Листья на буках начинают желтеть, вертеться в такт шелесту ветра. Пусть кто-нибудь потом сгребет их с лужайки, не то осенью они залепят ее всю, точно мокрая бумага. По его мнению, буки хорошо соседствуют с другими буками, а не с тщательно подстриженной травой и розовыми кустами. В их саду будет идти вечная битва за то, чтобы насадить человеческие представления о порядке в пространстве, которое, если его оставить в покое, скорее всего, снова станет непролазной чащей, лесом, что рос здесь когда-то. Он был бы не прочь жить в лесу. Элизабет уже заговаривала о фруктах и овощах. Нужно будет найти кого-то, кто почистит им лужайку, подровняет изгородь. Нужно будет оплачивать эти услуги. Ему пора вставать, поработать над эскизами для миссис Чемберлен. Он осторожно откидывает одеяло, чтобы не разбудить ее, но она спит как убитая. Даже дыхание не меняется. Ему не хочется будить ее, но когда он касается ее руки, в ответ ни звука, ни движения. Может, конечно, и забавно, что сейчас, в это лето их медового месяца, у них нет мебели, но теперь он начинает понимать, что зимой им будет уже не так весело, что контраст между публичным и частным пространством в доме может стать своего рода высказыванием на тему сравнительной важности его работы и их брака. Она этого не говорила – пока. В конце концов, она сама много времени проводит вне дома, трудясь в трущобах. Она лучше него знает, какие богатые они на самом деле бедняки. Она не из тех женщин, что падают духом из-за каких-то штор. Ведь правда? Она шьет. Что-то белое, размером не больше салфетки, но заметно сложнее, стереометрия на тонком ситце. Она часто разговаривает, когда шьет, наверное, это занятие требует меньше вдумчивости, меньше сосредоточенности, чем живопись. Скорее как столярничество. Может, и он когда-нибудь научится. Неплохо было бы работать по ткани самому. Он снова взглядывает на «Манчестер таймс», которую держит в руках. Смеркается. Хоть она и сидит под окном, ей, наверное, все труднее различать белые стежки на белом материале. Она разглядывает шитье, легонько его дергает, хмурится.

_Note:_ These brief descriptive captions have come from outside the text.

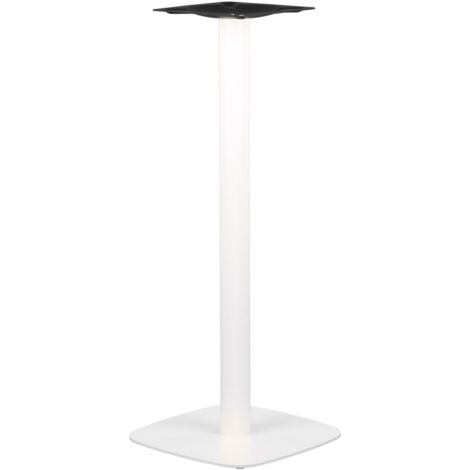 Base de mesa blanca SH-3050-2/Alto/Ancho 44,5x44,5 cm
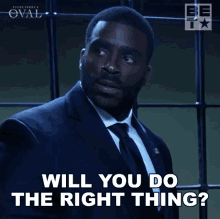 Will You Do The Right Thing Bobby GIF - Will You Do The Right Thing Bobby The Oval GIFs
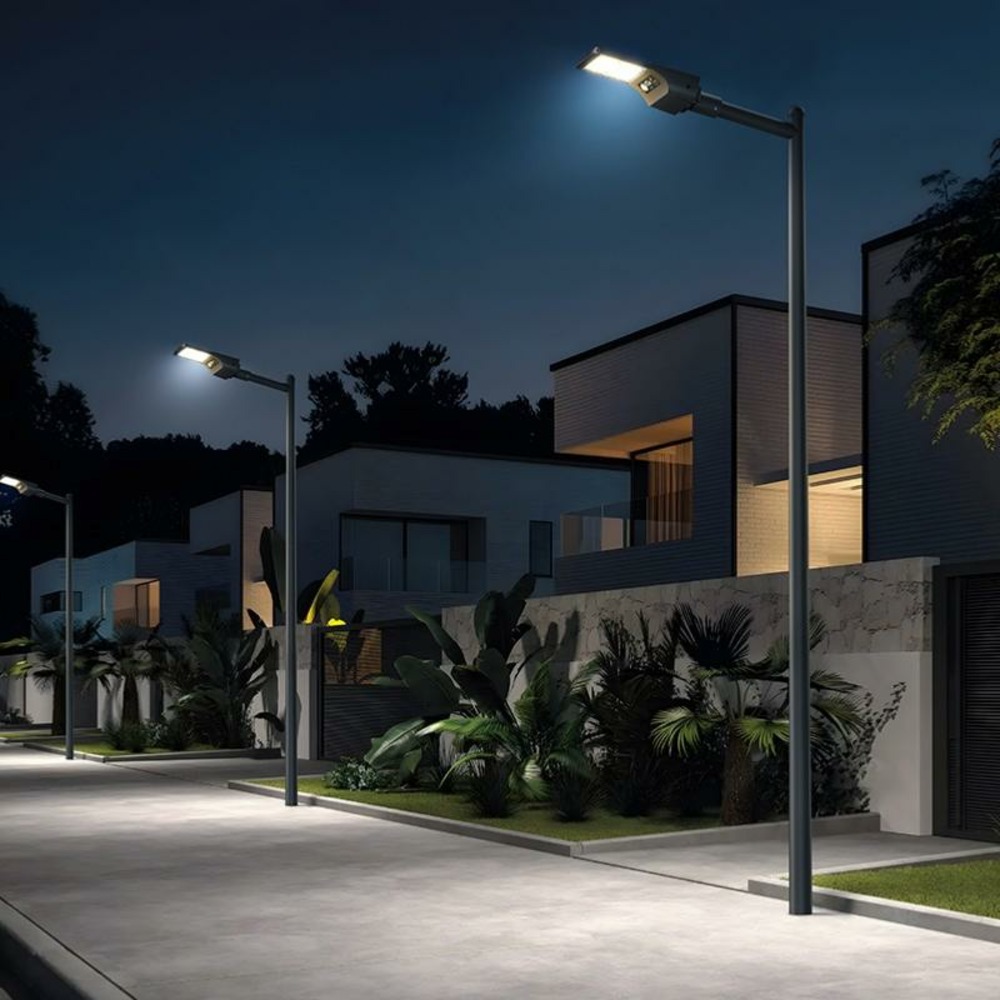 Tête de lampadaire solaire alpha 9000 lumens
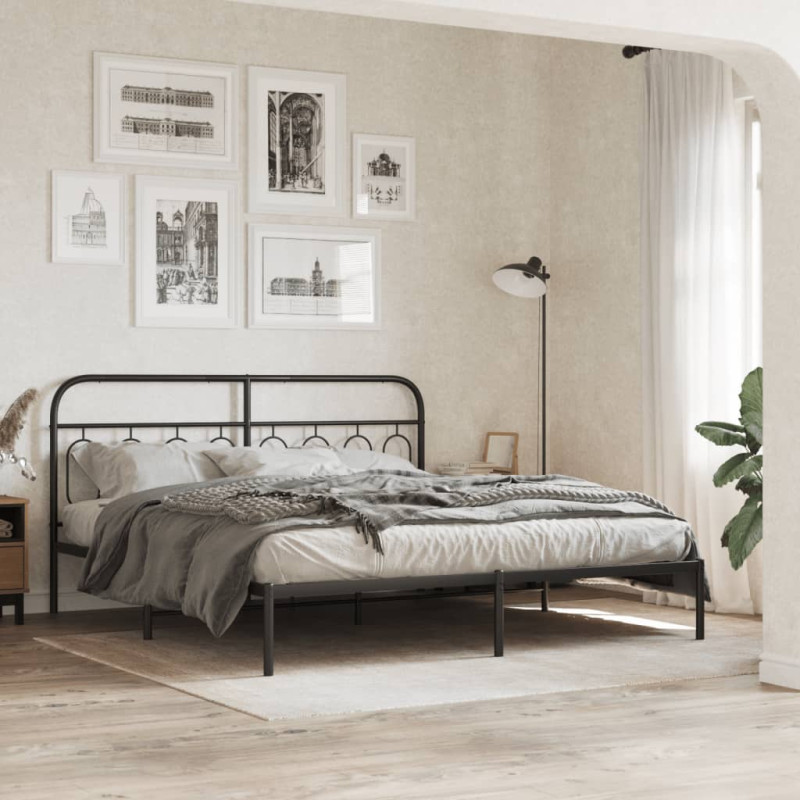 stradeXL Metal Bed Frame...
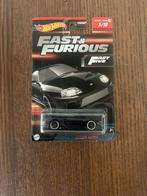 Hot Wheels Fast & Furious Toyota Supra HNR88, Ophalen of Verzenden, Nieuw, Auto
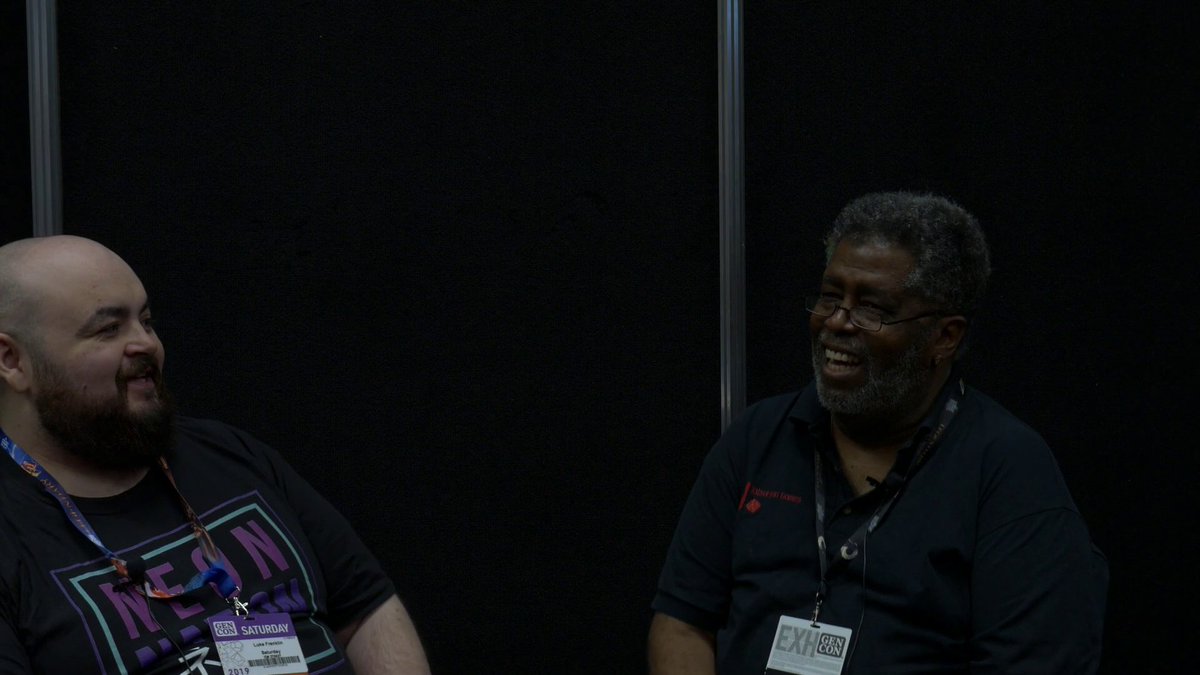 Happy Belated Birthday to the MAN, Mike Pondsmith! It was a joy to meet him at Gen Con a few years ago. Hopefully one day I get to do another interview and catch up with everything that happened since!
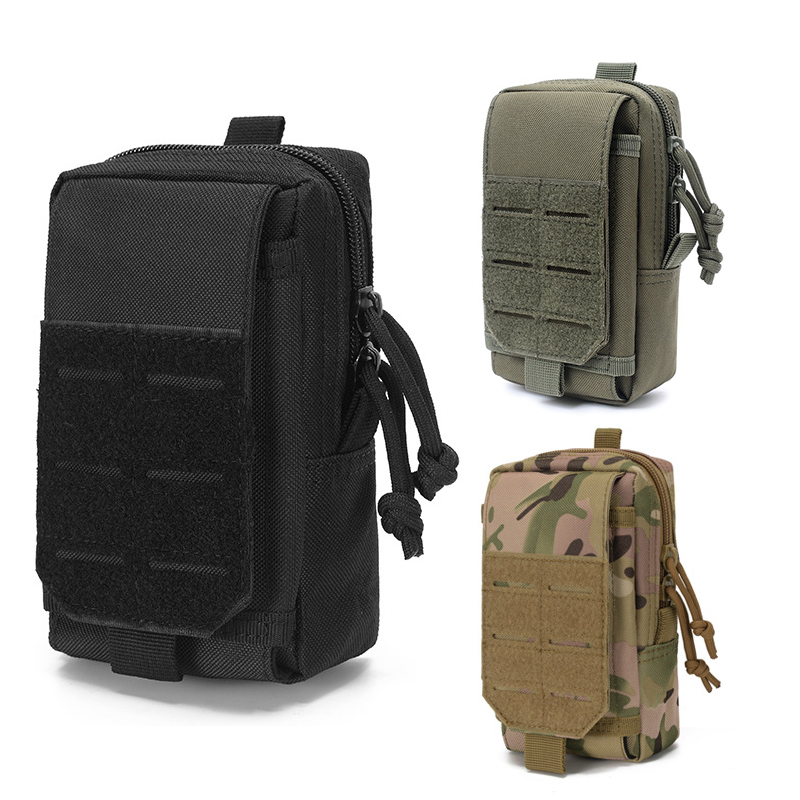 Edc Deep Carry - Tas ponsel pria saku sabuk khusus
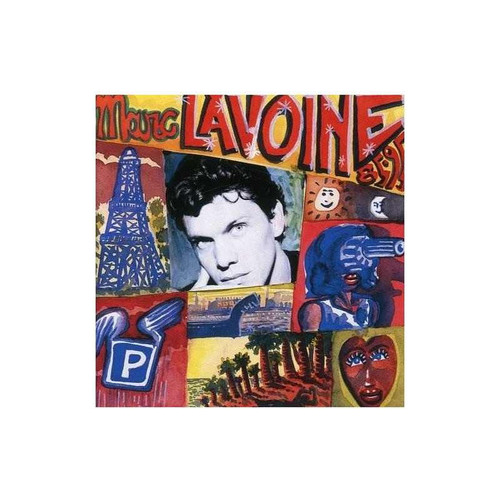 Lavoine Marc 85-95 Best Of Usa Import Cd Nuevo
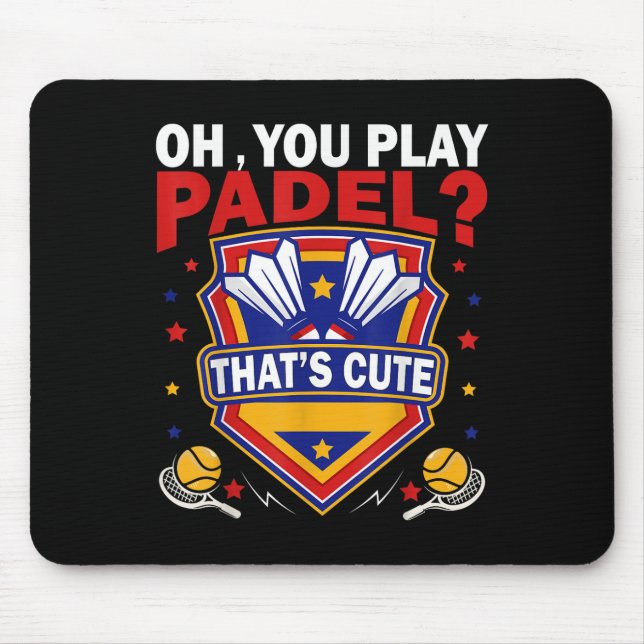 Oh You Play Padel_ Try Badminton Racquets &amp; Sh Musmatta (Framsidan)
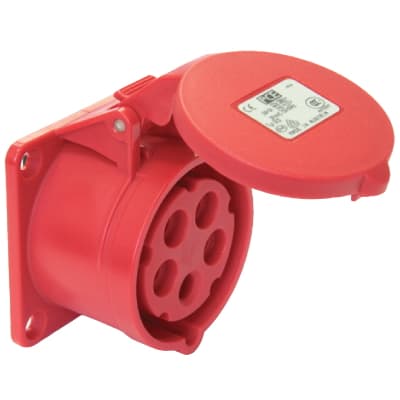 DKC Розетка скрытой установки IP44 16A 3P+E 400V DISF040164
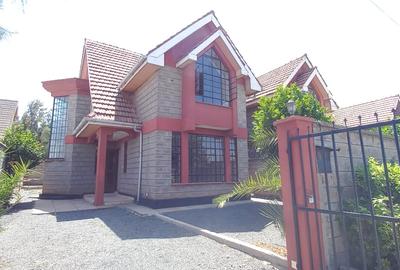 4 Bed Villa with En Suite in Syokimau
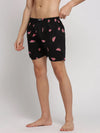 Men Black Printed Boxer-AM-131-15-Black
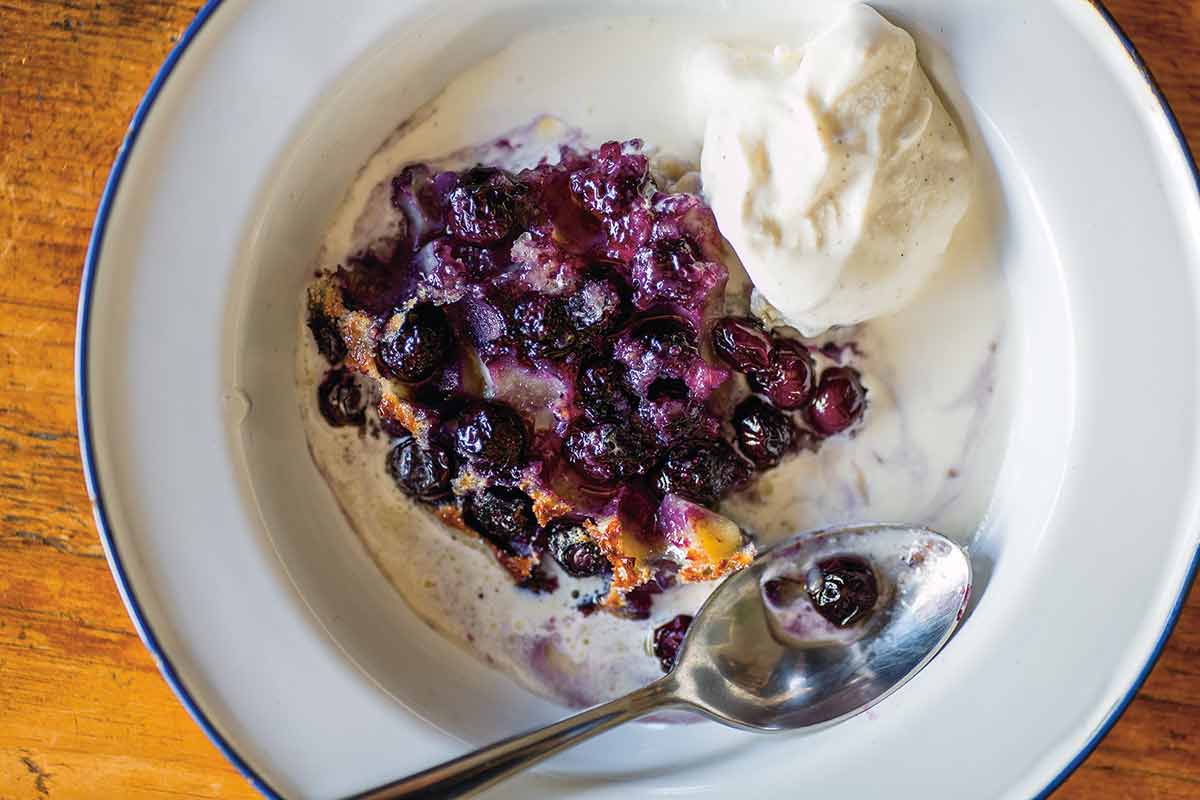 Blueberry Clafouti Recipe | Leite's Culinaria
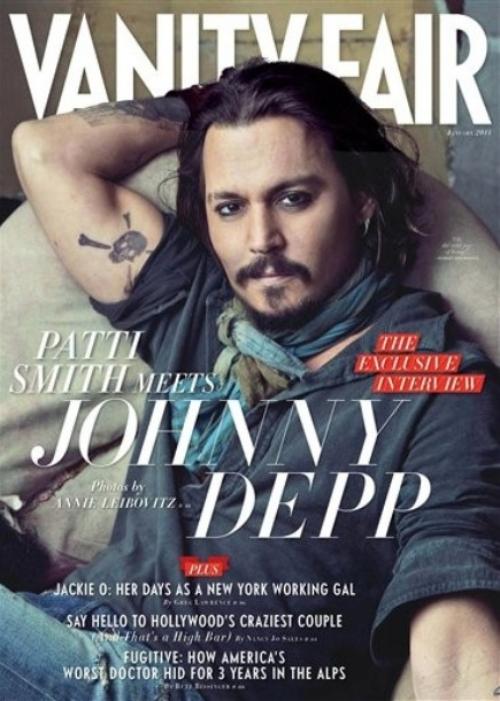 Johnny Depp Shoot with Vanity Fair - Shootfactory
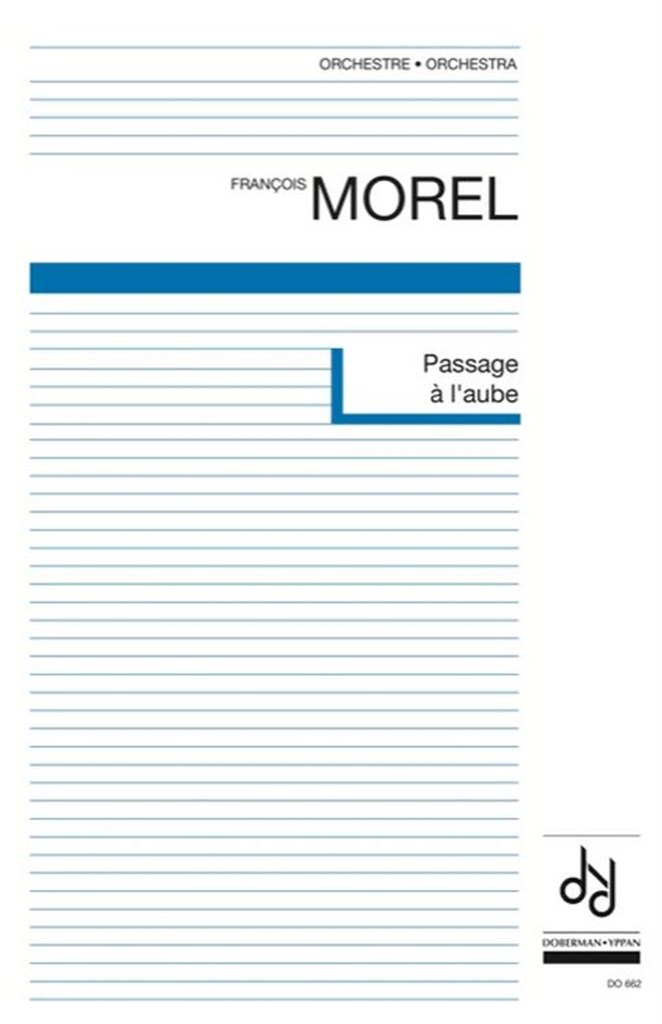 Passage à l'aube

– О чем ты думаешь, – спрашивает он, – когда шьешь?
Она делает еще стежок, тянет нитку мимо листьев в окне.
– В этот раз – о смерти и загробном мире. – Она поднимает голову, улыбается ему. – Но это мне не свойственно. Наверное, гораздо чаще я думаю о том, как бы так приготовить обед, чтобы обойтись без похода по лавкам, не лучше ли было выбрать моим женщинам другой отрывок для чтения или по-другому с ними этот отрывок обсудить и осмелюсь ли я сказать хоть что-нибудь маме насчет Мэри. Обычные блуждания праздного ума.
– Но сегодня ты думаешь о смерти?
Он складывает газету.
– Сегодня мне сказали, что одна из женщин потеряла сына. Ему было десять. Несчастный случай на фабрике. Не смогли унять кровотечение.
В окне подрагивают листья. Птица пересекает квадратик бумажного неба.
– Ох, Элизабет. Ты пойдешь к ней?
Она откладывает шитье. Теперь, должно быть, совсем темно.
– Через пару дней. Пойду на похороны.
Голова у нее клонится вниз. Руки наконец-то перестали двигаться.
– Элизабет? Может, попозируешь мне? Для портрета.
Он не в первый раз спрашивает. Она то слишком занята, то слишком устала. Может, на следующей неделе. Разве ему больше нечего рисовать?
– Сейчас?
Он встает, протягивает руку:
– Давай хотя бы начнем. Отыщем позу. В новом кресле?